The communication interface includes hardware, software, or both providing one or more interfaces for communication (e.g., packet-based communication) between the computing systems over the network. As an example and not by way of limitation, the communication interface may include a network interface controller (NIC) or network adapter for communicating with an Ethernet or other wire-based network or a wireless NIC (WNIC) or wireless adapter for communicating with a wireless network, such as a WI-FI network. This disclosure contemplates any suitable network and any suitable communication interface. As an example and not by way of limitation, the computing systems may communicate with an ad hoc network, a personal area network (PAN), a local area network (LAN), a wide area network (WAN), a metropolitan area network (MAN), or one or more portions of the Internet or a combination of two or more of these. One or more portions of one or more of these networks may be wired or wireless. As an example, the computing systems may communicate with a wireless PAN (WPAN) (e.g., a BLUETOOTH WPAN), a WI-FI network, a WI-MAX network, a cellular telephone network (e.g., a Global System for Mobile Communications (GSM) network), or other suitable wireless network or a combination of two or more of these. The computing systems may include any suitable communication interface for any of these networks, where appropriate.
It should be understood, of course, that the foregoing relates to exemplary embodiments of the invention and that modifications may be made without departing from the spirit and scope of the invention as set forth in the following claims.

Claims

What is claimed is:

1. A system of wireless transmission of audio/video content to a display device, the system comprising:

a wireless transmitter operative to receive audio and/or video;

the wireless transmitter configured to setup a private wireless network;

a display device operative to receive the audio and/or video; and

a processor in communication with the wireless transmitter and the display device, wherein the processor is operative to wirelessly transmit via the private wireless network the audio and/or video to the display device without use of an intervening hardware or computing device.
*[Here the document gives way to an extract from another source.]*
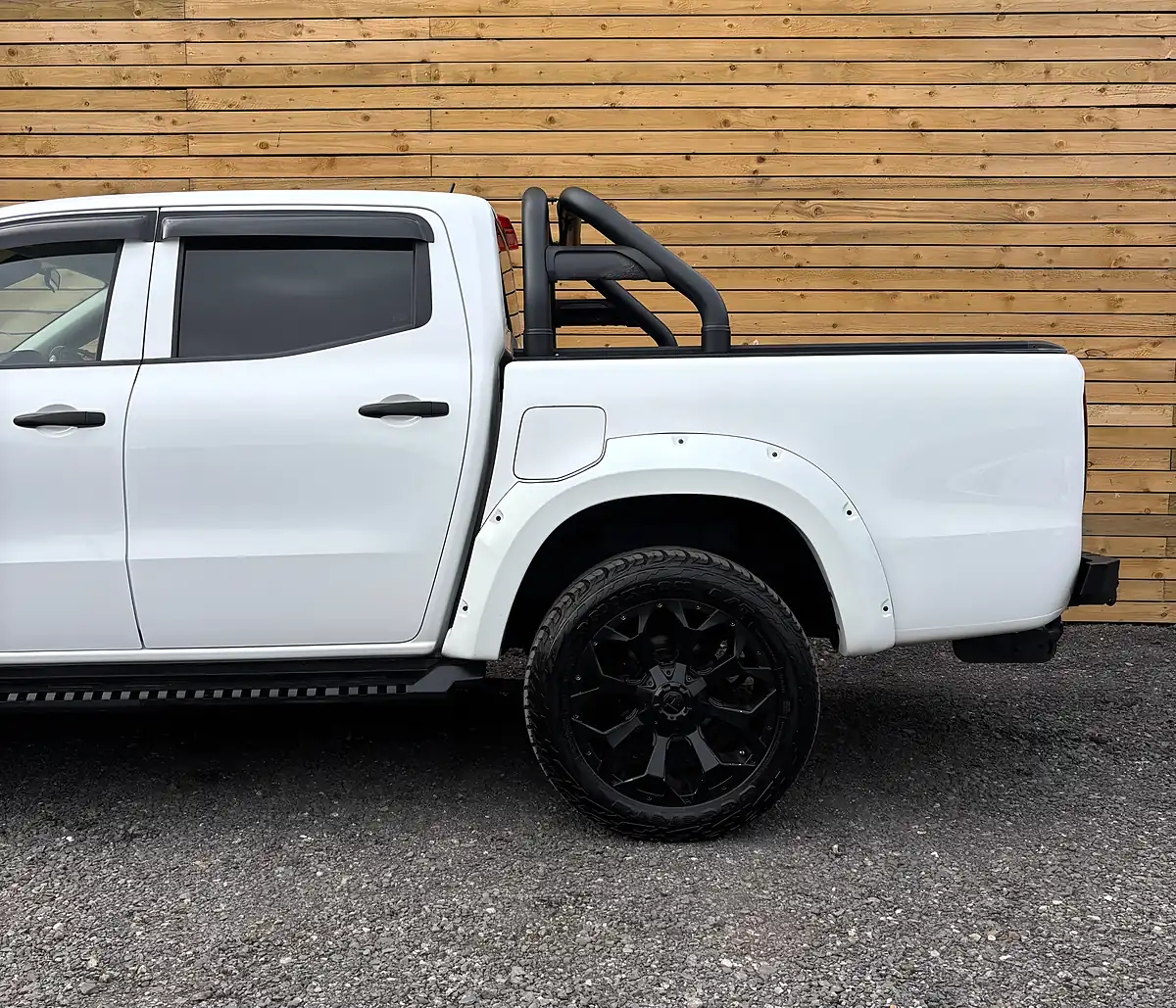 Used 2018 Mercedes-Benz X Class Pure White - Interior and Exterior details 10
2. The system of claim 1, wherein the wireless transmission by way of the processor is in real time.

3. The system of claim 1, wherein the processor encodes the audio and/or video into a streaming protocol prior to the wireless transmission.

4. The system of claim 1, wherein the display device is a virtual reality headset.

5. The system of claim 4, wherein the display device is operative to perform digital magnification on the audio and/or video.

6. A method for a person with limited vision to watch video content, the method comprising:

providing the system of claim 5;

operatively associating the virtual reality headset and the person; and

electrically connecting audio and/or video with the wireless transmitter.